» PROBLEM REQUIREMENTS
Each line of the data should be duplicated precisely.

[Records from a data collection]

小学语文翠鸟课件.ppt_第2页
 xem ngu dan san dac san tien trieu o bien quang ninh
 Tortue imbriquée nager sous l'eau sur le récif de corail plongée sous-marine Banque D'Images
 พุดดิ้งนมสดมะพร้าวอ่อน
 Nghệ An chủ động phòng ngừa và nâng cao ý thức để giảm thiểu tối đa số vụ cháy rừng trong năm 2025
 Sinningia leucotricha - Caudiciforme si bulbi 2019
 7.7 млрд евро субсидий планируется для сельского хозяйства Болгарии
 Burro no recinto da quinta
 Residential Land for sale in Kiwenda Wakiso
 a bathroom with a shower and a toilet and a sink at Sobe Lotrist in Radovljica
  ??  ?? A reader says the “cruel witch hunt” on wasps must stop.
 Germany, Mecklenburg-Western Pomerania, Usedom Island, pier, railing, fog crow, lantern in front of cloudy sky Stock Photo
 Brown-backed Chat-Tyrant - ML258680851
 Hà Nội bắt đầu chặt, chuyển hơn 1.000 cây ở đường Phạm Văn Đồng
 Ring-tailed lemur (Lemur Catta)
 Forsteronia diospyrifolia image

» WRITTEN REPLY
小学语文翠鸟课件.ppt_第2页
 xem ngu dan san dac san tien trieu o bien quang ninh
 Tortue imbriquée nager sous l'eau sur le récif de corail plongée sous-marine Banque D'Images
 พุดดิ้งนมสดมะพร้าวอ่อน
 Nghệ An chủ động phòng ngừa và nâng cao ý thức để giảm thiểu tối đa số vụ cháy rừng trong năm 2025
 Sinningia leucotricha - Caudiciforme si bulbi 2019
 7.7 млрд евро субсидий планируется для сельского хозяйства Болгарии
 Burro no recinto da quinta
 Residential Land for sale in Kiwenda Wakiso
 a bathroom with a shower and a toilet and a sink at Sobe Lotrist in Radovljica
  ??  ?? A reader says the “cruel witch hunt” on wasps must stop.
 Germany, Mecklenburg-Western Pomerania, Usedom Island, pier, railing, fog crow, lantern in front of cloudy sky Stock Photo
 Brown-backed Chat-Tyrant - ML258680851
 Hà Nội bắt đầu chặt, chuyển hơn 1.000 cây ở đường Phạm Văn Đồng
 Ring-tailed lemur (Lemur Catta)
 Forsteronia diospyrifolia image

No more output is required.